A TROPA DE CHOQUE BOTOU PRA QUEBRAR , MOSTROU PRA QUE VEIO, BOTOU VAGABUNDO PRA CORRER , PRENDEU VÂNDALOS E ANARQUISTAS , BELEZA , A POPULAÇÃO QUE SOFREU POR CONTAS DESSES VÂNDALOS, AGRADECE , VALEW MESMO!!!!

Les troupes d'élite ont assuré, montré qu'elles étaient là, elles ont forcé les vagabonds à fuir, arrêté les vandales et les anarchistes, super – la population a souffert à cause de ces vandales – merci, ça valait la peine !!!!

Le blogueur Herbert Sousa critique lui aussi les manifestants :

A população de Teresina ficou atônita com a onda de terror patrocinada por partidos reacionários de esquerda, que tem como ideologia o Stalinismo.

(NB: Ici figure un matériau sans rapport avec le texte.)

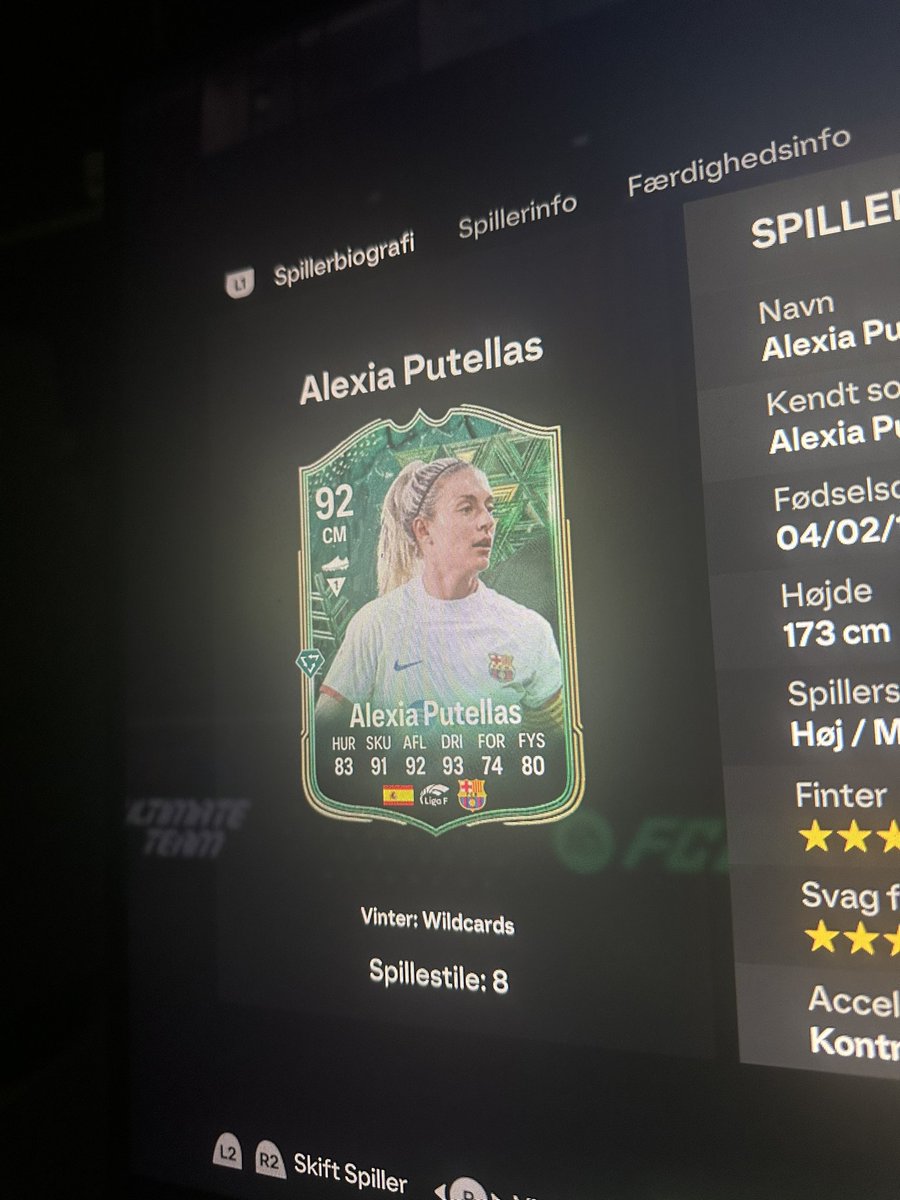 frostenfrosten tweet media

La population de Teresina est restée stupéfaite devant la vague de terreur provoquée par les réactionnaires de gauche, dont l'idéologie est le stalinisme.

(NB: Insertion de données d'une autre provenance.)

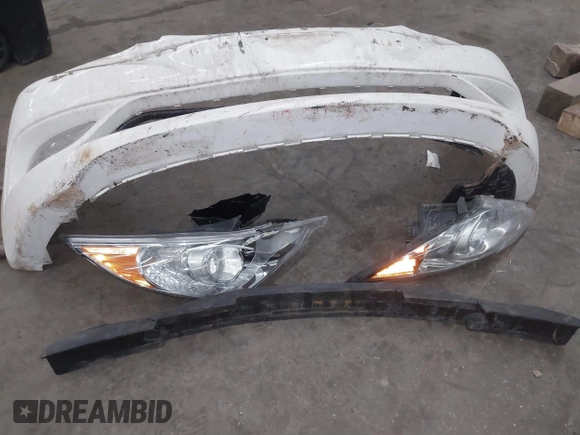 2012 Hyundai Sonata Limited with VIN 5NPEC4AB9CH396716, listed as a IAAI auction lot 41667839 with 115,821 mi miles and . Bid and sale history available at DreamBid. Image 12.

Vice Magazine a publié une série de photos de manifestations de la deuxième journée au cours de laquelle la police a attaqué des manifestants pacifiques et non armés. Le Centre des médias indépendants a publié plusieurs photos du septième jour de protestations ici, ici et ici et aussi de la deuxième journée de manifestations.

Le journaliste et blogueur Leonardo Sakamoto a commenté l'incapacité de la police et du gouvernement à respecter le droit du peuple à manifester :

No Brasil, há governos que não entenderam que o direito de protestar é parte da democracia. E que o povo não serve apenas para votar a cada quatro anos, pagar impostos e fornecer mão-de-obra barata. Mas, como se vê pela notícia acima, o Estado nos lembra diariamente que não somos cidadãos mas gado, que pode, eventualmente, ser marcado para identificação.

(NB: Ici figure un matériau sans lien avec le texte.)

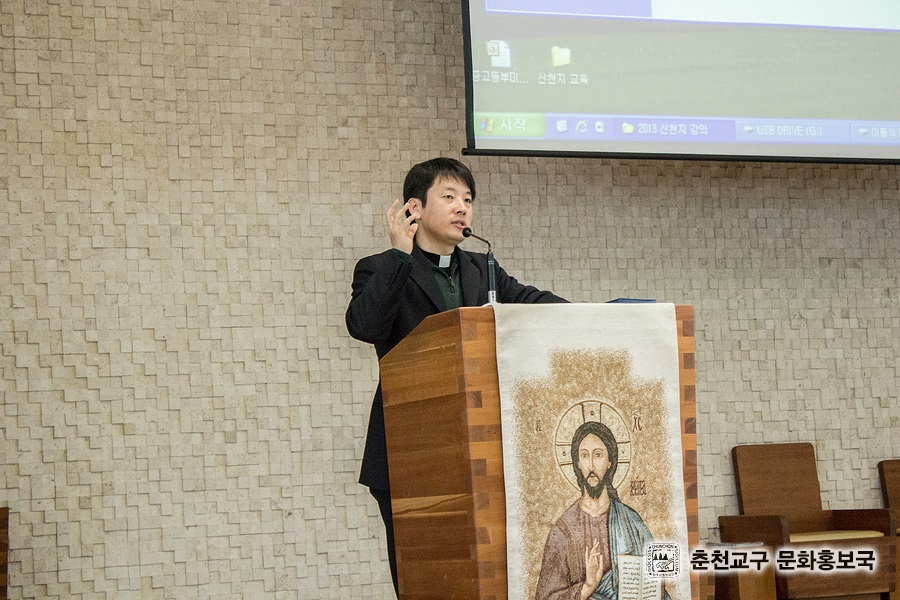 소공동체관계자연수퇴계-031.jpg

Au Brésil, il y a des gouvernants qui n'ont pas compris que le droit de protester est une partie de la démocratie. Et le peuple ne sert pas seulement à voter tous les quatre ans, payer des impôts et fournir du travail bon marché. Mais, comme on le voit dans les nouvelles ci-dessus, l'Etat nous rappelle chaque jour que nous ne sommes pas des citoyens, mais du bétail, qui peut éventuellement être marqué pour identification.

La manifestation du 10 janvier, septième jour consécutif de manifestations, était peut-être l'une des plus violentes et a été appelée le #MassacreDeTeresina ou #Jour DeLutte. Le profil @Contraoaumento a apporté des informations sur les manifestations et les a aidé à se coordonner :

@Contraoaumento: São 17 presos na Central de Flagrantes. Cada fiança é de R$ 6.220,00, o que totaliza R$ 115.740,00. #contraoaumento #massacreteresina

@Contraoaumento : il y a 17 prisonniers au poste de police de Flagrantes. Chaque caution est de 6.220 R$,  au total 115.740 R$

Les étudiants et même des journalistes ont été battus par la police militaire du Piauí. Sur
YouTube, askase51 a posté une vidéo montrant l'ampleur de la violence policière contre les étudiants au
septième jour de manifestation pacifique :

D'autres vidéos montrant le moment où la police militaire charge les étudiants peuvent être vues ici et ici. Sur Twitter, on trouve des critiques de la police, la dénonciation de la violence extrême qu'elle a employée. Les politiciens, comme les médias, y sont accusés d'être en faveur de la répression, comme l'exprime avec colère Daniel Solon, un professeur de UESPI, dans ce tweet  :

@Daniel_Solon: Neste momento, o Piauí tem 16 presos políticos. Foram criminalizados por lutar #contraoaumento da passagem de ônibus.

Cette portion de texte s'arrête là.